Looks like you also have a lip on the front of the box to run the rope all the way around. I don't think that would be any more secure than how you have it now. But it might keep it more steady as the horse is moving.


The first photo shows another rope attached to the cinch. Is that securing the top pack? That should also help keep the box from moving too much. 


Hope that helps some.


----------



## Cordillera Cowboy (Jun 6, 2014)

And please, please, PLEASE, post pictures of your adventure!


----------



## phantomhorse13 (Feb 18, 2011)

hey @Hondo , I think you have experience packing.. any words of wisdom?


----------



## AnitaAnne (Oct 31, 2010)

subbing as I know nothing about packing but was on my bucket list...


----------



## Patakonia (Oct 5, 2018)

Thank you for your replies! Cordillera cowboy: yes, attached to one of the cinches is a rope that goes around the "whole thing", horse and the boxes. One week of the trip behind now, I have to say the first days were interrupted all the time because of having to adjust the packs. Last day it was already better ( on flat at least 😁)
I have very limited connection here but I post some pictures to Instagram, tuomas. kauko is my name there.


----------



## Cordillera Cowboy (Jun 6, 2014)

Thanks for the update! Yes, normal I think if you are new, to use the first few days to get things so that they will ride properly. 


I didn't see any breast straps or breaching on your rig. Is the area mountainous?
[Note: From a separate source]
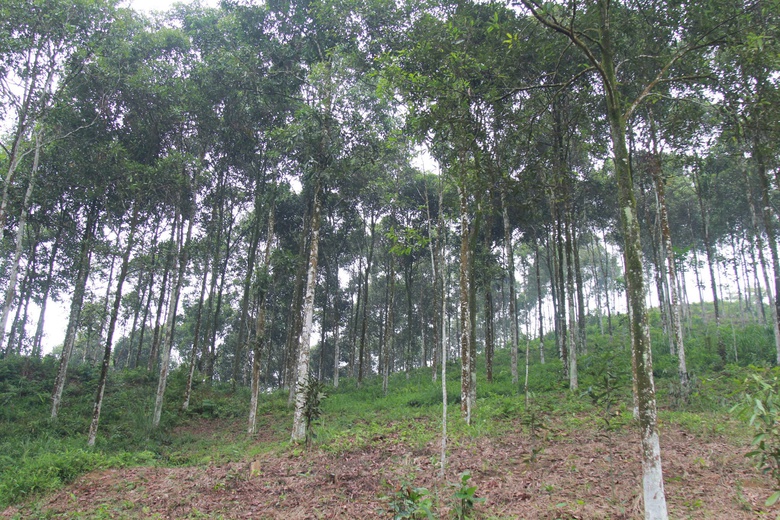 Lào Cai: Xây dựng xã Mậu A trở thành trung tâm kết nối vùng- Ảnh 4. Lào Cai: Xây dựng xã Mậu A trở thành trung tâm kết nối vùng- Ảnh 4.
I understand about the internet connection. we would love an update from time to time. And pictures when you get back to civilization!


----------



## Patakonia (Oct 5, 2018)

Hi! We rode about 7 weeks ( had to take a lot of stops though). Now I'm heading to Chile and gonna continue there with other set of horses ( sold my horses here in Argentina).
I think I will not use those boxes anymore. For sure they have good qualities but 15 kg weight and I didn't find it suoer easy to get them to stay in place when it was a lot of hills


----------



## Painted Horse (Dec 29, 2006)

I've used the boxes when we pack into bear country. There I need a Bear Proof way to store food. Which my boxes provided. But for most hunting/camping I just throw canvas bags on and use them. The softer bags are easier to pack. The hard sided boxes don't mold as easily to odd sided cargo.


----------